その言葉と共に、アーロットはそのモニターから姿を消す…ソレから少しして…モニターは小さな揺らぎを起こし…それから――。


『やぁ、やぁ……この通信を開けたと言う事は、〝コロニー〟が問題無く機能していると言う事だ……ソレはつまり、君達〝アルファ〟コロニーの君達は〝侵食された世界〟に取り残されたと言う悲しい事実でも有る訳だが…』


そのモニターの揺らぎが大きくなり…ソレが収まると同時に…其処には〝白髪の少年〟の姿が現れる。


『いや失礼…自己紹介がまだだったね…私は〝不身孝宏〟、この〝コロニー〟の創造者で在り、日本直属先進研究機関〝渡鴉〟の所長だ…こんな姿でも齢60は超えていると伝えておこうか?』


その青年は、そうおちゃらけた雰囲気を真顔で紡ぎながら…直ぐに話題を切り替え、己等へ語り掛ける。

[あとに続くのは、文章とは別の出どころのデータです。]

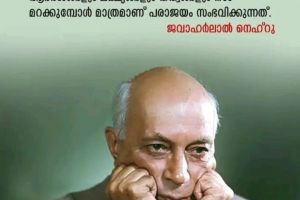 ഇന്ത്യൻ ബഹുസ്വരതയുടെ ജീവവായു :സത്യൻ മാടാക്കര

『先んじて言っておこう…この通信は前もって録音しておいた物だ…従って君達からの質問には答えられない事を承知しておいて欲しい…悪いね』


そうその男は言うと…ソレから一拍おいて、再び言葉を紡ぎ出す。


『この通信の目的は…〝現状〟を君達へ伝える事と、〝君達への頼み事〟を伝える為だ、良く聞いて欲しい』


そして、その男は画面越しに己等を見据えながら…口を開いた。